▶ Material shown:
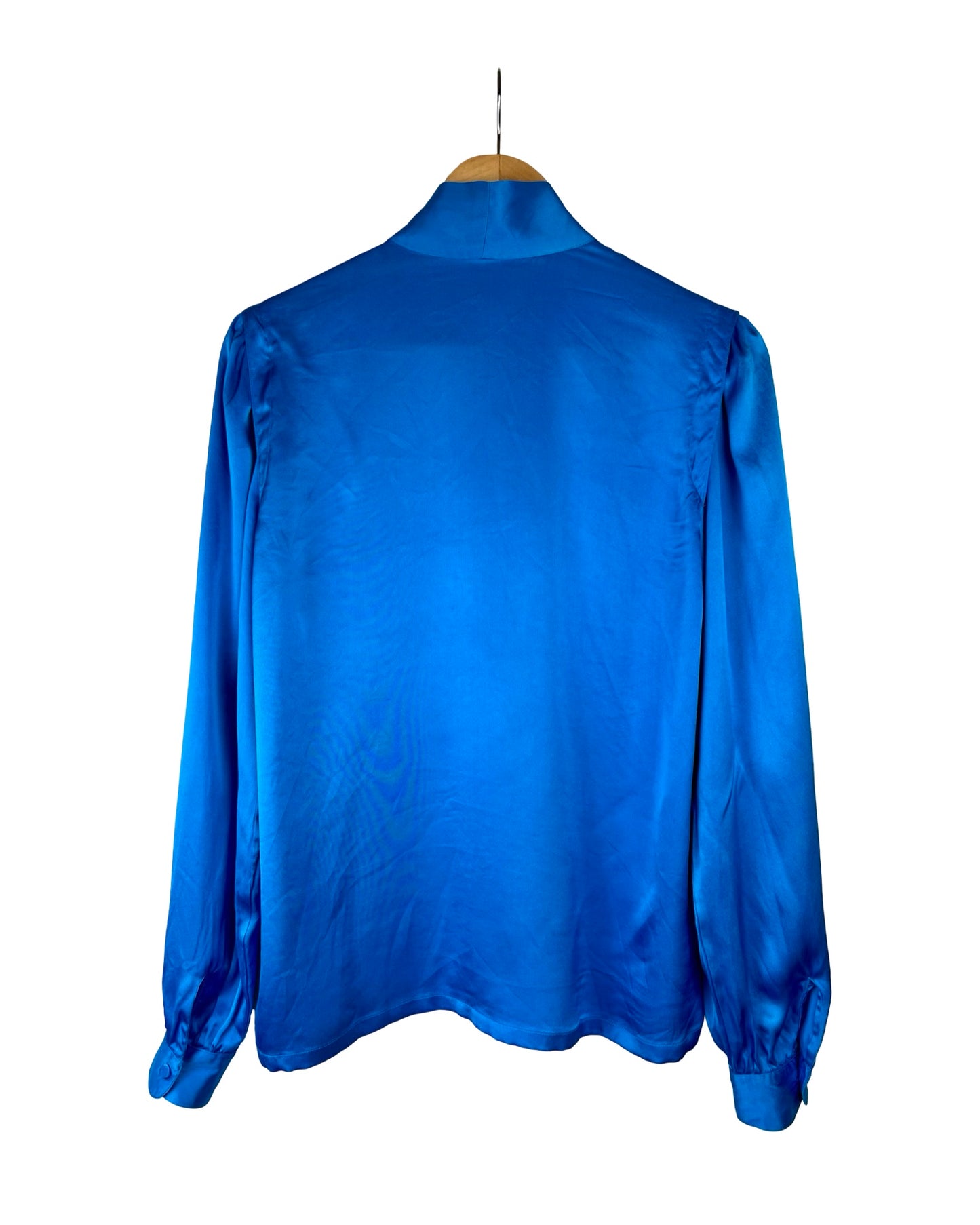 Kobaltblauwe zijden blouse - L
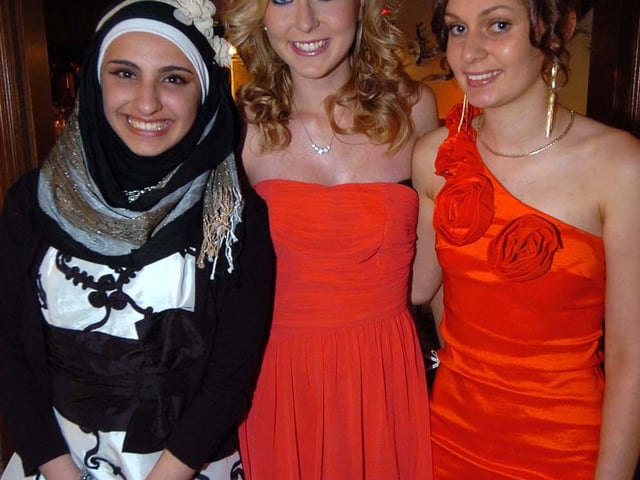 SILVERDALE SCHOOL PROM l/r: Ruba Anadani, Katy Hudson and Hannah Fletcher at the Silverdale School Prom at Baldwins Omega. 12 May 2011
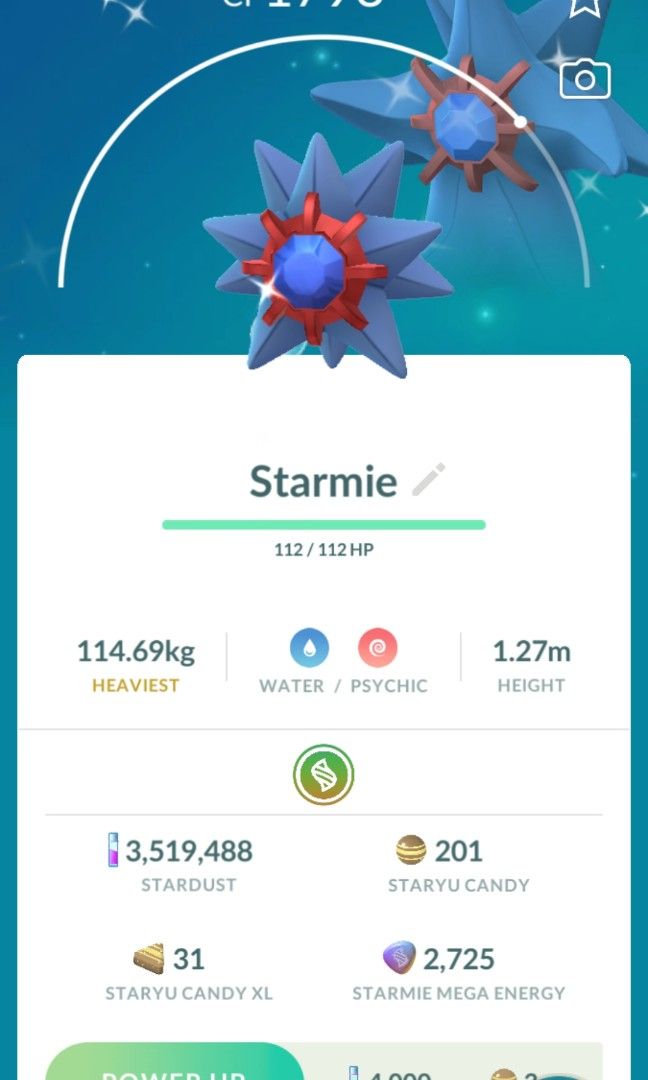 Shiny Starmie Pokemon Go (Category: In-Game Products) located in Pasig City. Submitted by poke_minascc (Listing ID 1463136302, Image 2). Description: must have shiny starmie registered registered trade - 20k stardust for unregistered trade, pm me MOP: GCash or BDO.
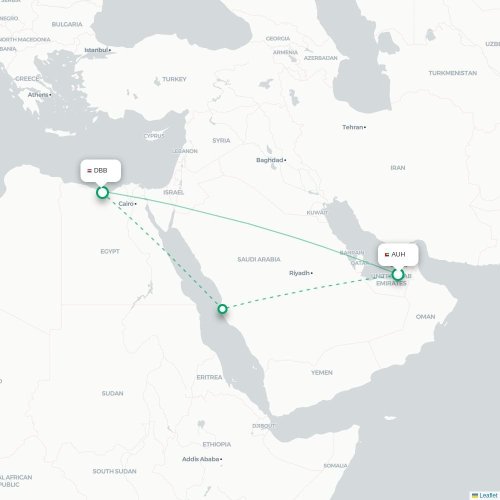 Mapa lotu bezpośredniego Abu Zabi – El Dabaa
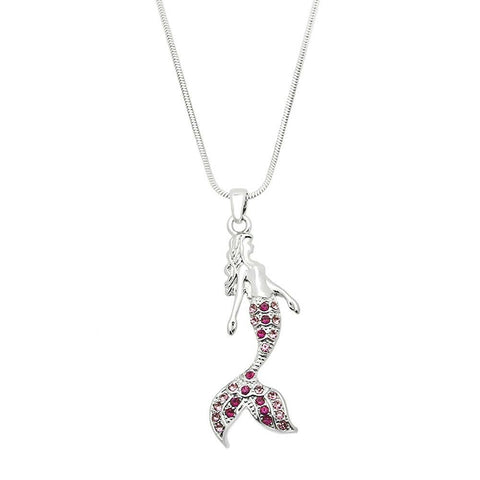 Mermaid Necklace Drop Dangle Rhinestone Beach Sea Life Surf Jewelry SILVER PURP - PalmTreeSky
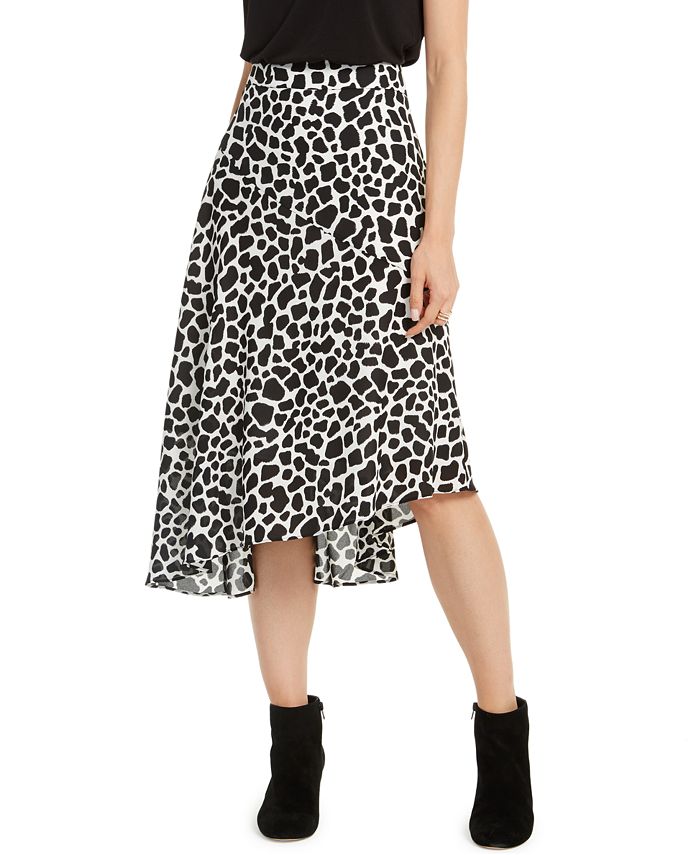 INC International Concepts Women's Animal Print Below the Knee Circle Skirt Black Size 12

▶ Work order:
Before you return the listing exactly, strip out its pictures.

▶ Output:
 Kobaltblauwe zijden blouse - L
 SILVERDALE SCHOOL PROM l/r: Ruba Anadani, Katy Hudson and Hannah Fletcher at the Silverdale School Prom at Baldwins Omega. 12 May 2011
 Shiny Starmie Pokemon Go (Category: In-Game Products) located in Pasig City. Submitted by poke_minascc (Listing ID 1463136302, Image 2). Description: must have shiny starmie registered registered trade - 20k stardust for unregistered trade, pm me MOP: GCash or BDO.
 Mapa lotu bezpośredniego Abu Zabi – El Dabaa
 Mermaid Necklace Drop Dangle Rhinestone Beach Sea Life Surf Jewelry SILVER PURP - PalmTreeSky
 INC International Concepts Women's Animal Print Below the Knee Circle Skirt Black Size 12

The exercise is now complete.